Figen Çalıkuşu'ndan Çarpıcı Analiz: Türkiye Yeni Bir Döneme Mi Giriyor?
"Erdoğan ve Bahçeli Arasında Farklı Yaklaşımlar"
Figen Çalıkuşu'ndan Çarpıcı Analiz: "Türkiye Yeni Bir Döneme Mi Giriyor?"
ŞEHİTLER ÖLMEZ / ANKARA
Karar gazetesi yazarı Figen Çalıkuşu, son günlerde Türkiye'nin gündemini meşgul eden kritik gelişmeleri ele aldı. Çalıkuşu, özellikle MHP Genel Başkanı Devlet Bahçeli’nin PKK lideri Abdullah Öcalan'a yönelik çağrısı, TUSAŞ saldırısı ve barış süreci tartışmalarına dikkat çekti. Bu süreçte ortaya çıkan sorular ve çelişkiler üzerinden önemli bir analiz yaptı.
"Karanlık Saldırı ve Ortadoğu'daki Yeni Dönem"
TUSAŞ’a yönelik terör saldırısı, Ankara'nın kalbinde beş kişinin hayatını kaybetmesiyle sonuçlandı. Bu saldırının ardından Bahçeli'nin Öcalan’a yönelik "umut hakkı" çağrısı gündeme oturdu. Çalıkuşu, saldırının, barıştan bahsedilen bir dönemde yaşanmasının düşündürücü olduğunu vurguladı. Özellikle, saldırıyı üstlenen bir örgüt olmaması ve yetkililerin PKK'yı işaret etmesi, olayın arkasındaki amacın sorgulanmasına neden oldu.
“Bu saldırıyı kim, neden yaptı? Bu karanlık zafiyetin arkasında ne var?” diye soran Çalıkuşu, Türkiye’nin bu olaylara rağmen yeni bir döneme doğru yürüdüğünü ifade etti. Ancak, bu dönemin nasıl bir süreç olacağı ve hangi sorunların ele alınacağı konusundaki belirsizliklere dikkat çekti.
"Erdoğan ve Bahçeli Arasında Farklı Yaklaşımlar"
Figen Çalıkuşu, Cumhurbaşkanı Erdoğan ve MHP lideri Bahçeli’nin Kürt sorununa yaklaşımında ayrıştığını belirtti. Bahçeli, "Kürt sorunu yoktur" derken, Erdoğan’ın, "Anasının dilini konuştuğu için hukuksuzluğa uğrayanlar" ifadesiyle farklı bir perspektif sunduğunu vurguladı. Bu farklılık, barış sürecinin adını koyma ve yöntemini belirlemede önemli bir ayrışma olarak öne çıkıyor.

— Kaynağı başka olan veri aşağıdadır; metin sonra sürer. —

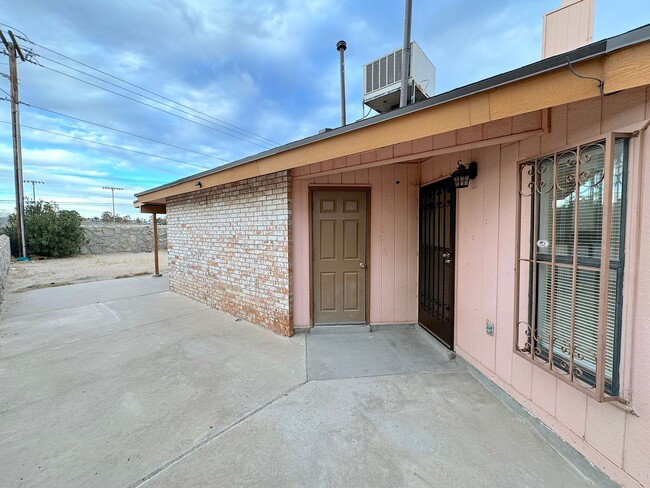 Building Photo - East El Paso 2bed/2bath duplex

Bahçeli’nin Öcalan’ı TBMM’ye davet etmesi ve Erdoğan’ın bu konuda sessiz kalması, AKP ve MHP arasında barış sürecine dair görüş farklılıklarının olduğunu ortaya koyuyor. Çalıkuşu, Bahçeli’nin "Öcalan Meclis’e gelip terörün bittiğini ilan ederse, umut hakkı uygulanabilir" açıklamasına dikkat çekerek, AİHM kararlarının nasıl pazarlık konusu haline geldiğini sorguladı.
"Hukukun Yok Sayılması ve Çifte Standartlar"
Çalıkuşu, barış süreci tartışmalarında hukukun dışlanmasını eleştirerek, hukukun ve demokrasinin çözüm için vazgeçilmez olduğuna dikkat çekti. AİHM kararlarının, hukukun gereği olarak değil, siyasi pazarlıklarla uygulanmaya çalışılmasını eleştirdi. Bu durumun barış sürecine olan güveni zedelediğini belirten Çalıkuşu, "Neden hukukun gereğini pazarlıksız yerine getiremiyoruz?" sorusunu gündeme taşıdı.
"Kürt Sorunu ve Eşitlik Meselesi"
Çalıkuşu, Kürt sorununun çözümünde "kardeşlik" söyleminin yetersiz kaldığını ve "Türk ve Kürt vatandaşlarının eşit haklara sahip olması gerektiğini" vurguladı. Yıllardır dile getirilen "kardeşlik" söyleminin eşitliğe dönüşmediğini ifade eden Çalıkuşu, "Neden sadece Kürt kardeşlerimizden bahsediyoruz, Türk kardeşlerimizden bahsetmiyoruz?" sorusuyla toplumsal bir çelişkiye dikkat çekti.
Barış ve huzurun ancak demokrasi ve hukuk çerçevesinde sağlanabileceğini belirten Çalıkuşu, bu sürecin dürüst ve şeffaf bir şekilde yönetilmesi gerektiğini vurguladı.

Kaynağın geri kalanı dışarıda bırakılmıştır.